Using only the entries below, output the lines starting at the one containing "A person is" and ending at the one containing "Minimalist Halo Charm", exactly and inclusive of both, omitting the pictures.

- **Exercise data**
BEGIN

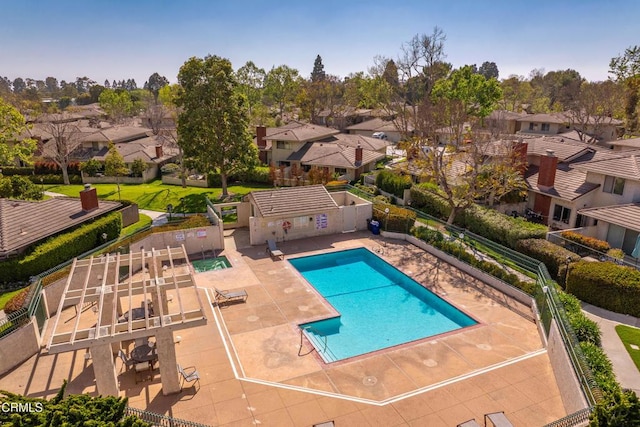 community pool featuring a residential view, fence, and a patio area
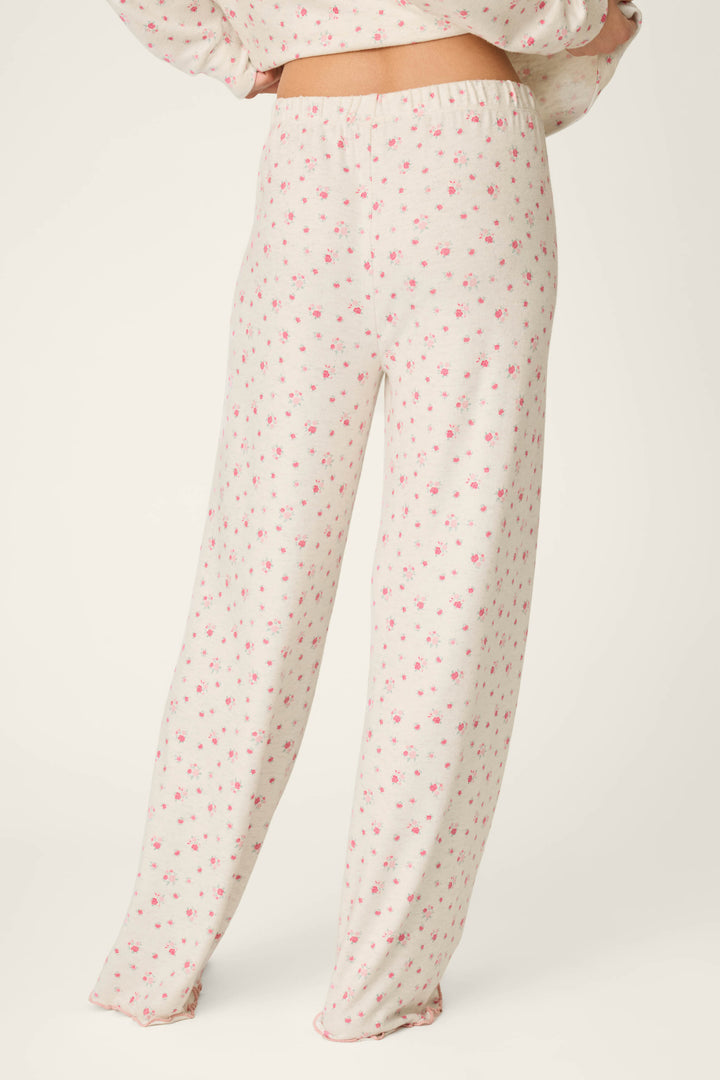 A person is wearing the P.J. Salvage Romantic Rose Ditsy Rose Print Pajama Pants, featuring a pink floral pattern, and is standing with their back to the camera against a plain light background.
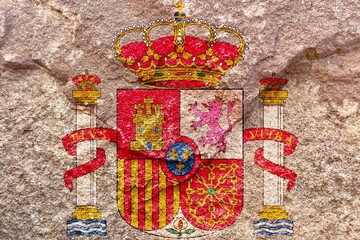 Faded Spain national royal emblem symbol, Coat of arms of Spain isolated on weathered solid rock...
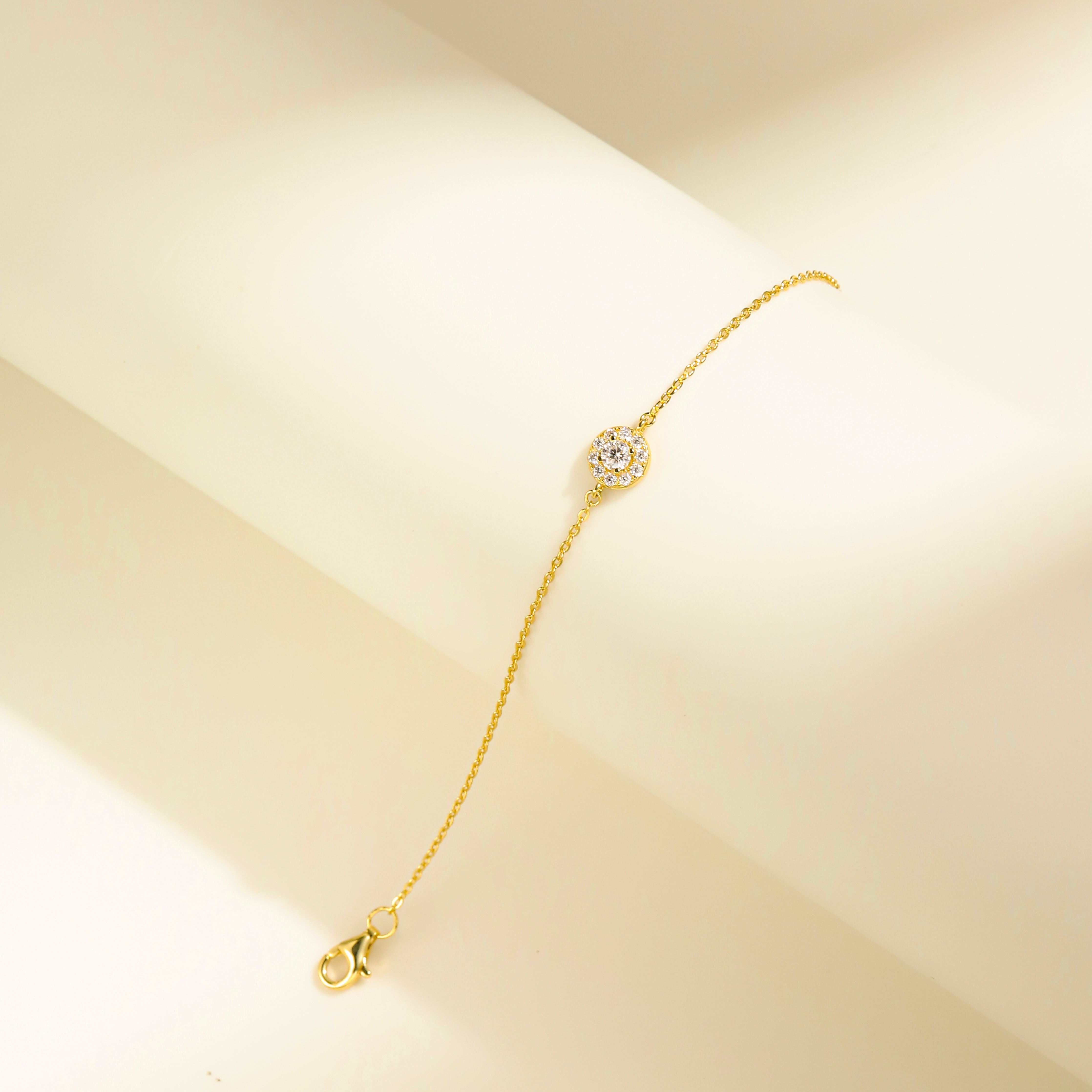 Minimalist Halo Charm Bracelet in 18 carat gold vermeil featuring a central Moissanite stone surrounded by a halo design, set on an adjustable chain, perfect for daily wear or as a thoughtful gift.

END
BEGIN

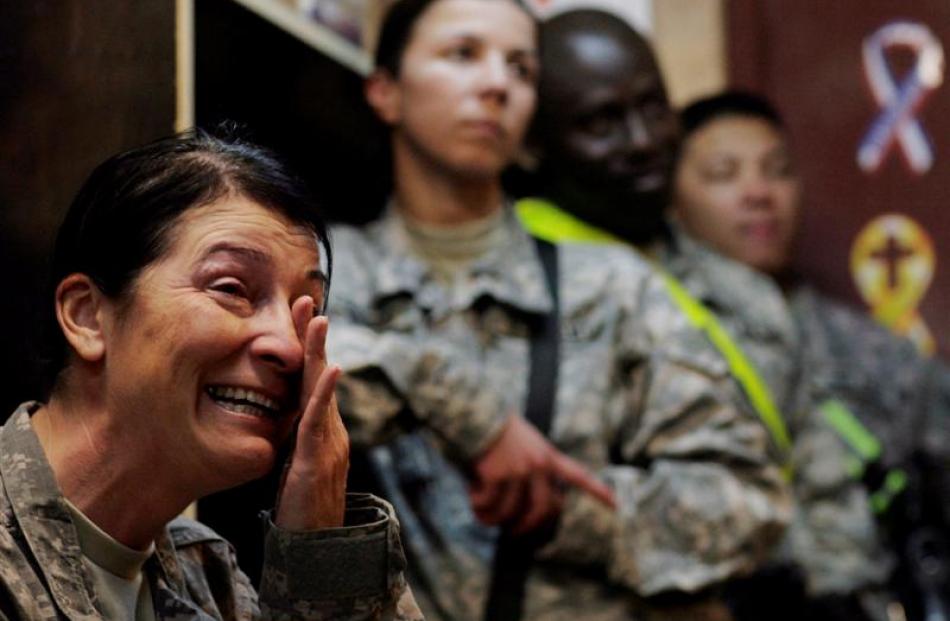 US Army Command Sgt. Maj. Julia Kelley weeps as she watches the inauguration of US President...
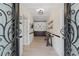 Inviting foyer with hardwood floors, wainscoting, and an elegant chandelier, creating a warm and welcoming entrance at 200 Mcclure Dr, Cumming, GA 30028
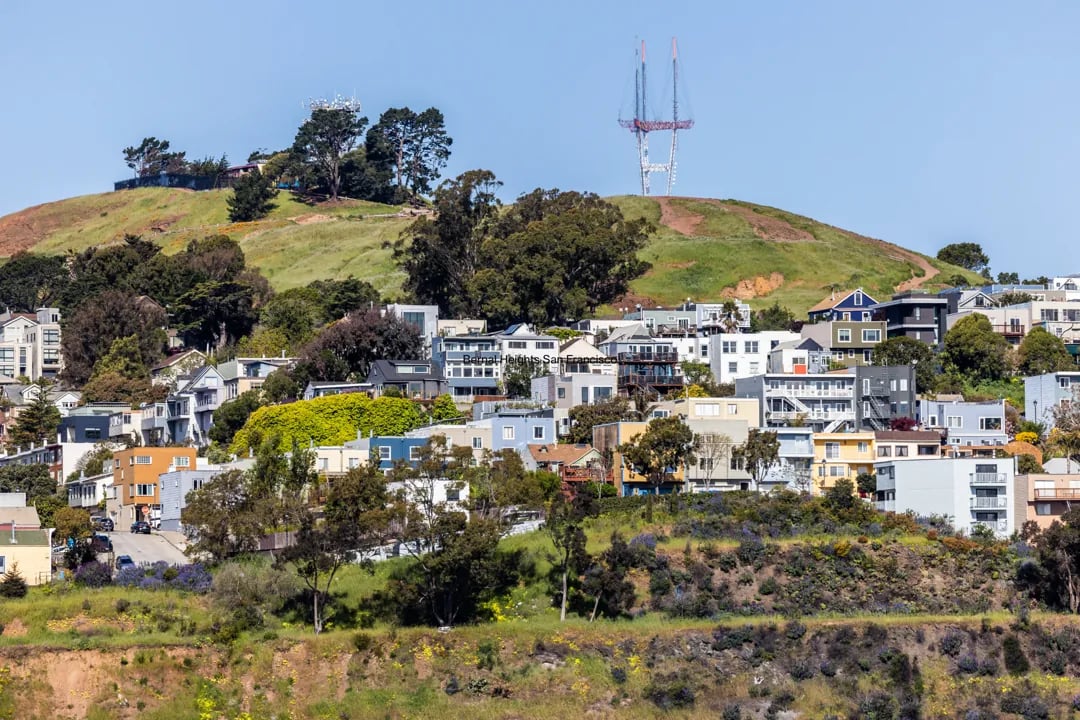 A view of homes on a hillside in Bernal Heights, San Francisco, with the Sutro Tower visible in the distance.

END

- **Solution to the exercise**
 A person is wearing the P.J. Salvage Romantic Rose Ditsy Rose Print Pajama Pants, featuring a pink floral pattern, and is standing with their back to the camera against a plain light background.
 Faded Spain national royal emblem symbol, Coat of arms of Spain isolated on weathered solid rock...
 Minimalist Halo Charm Bracelet in 18 carat gold vermeil featuring a central Moissanite stone surrounded by a halo design, set on an adjustable chain, perfect for daily wear or as a thoughtful gift.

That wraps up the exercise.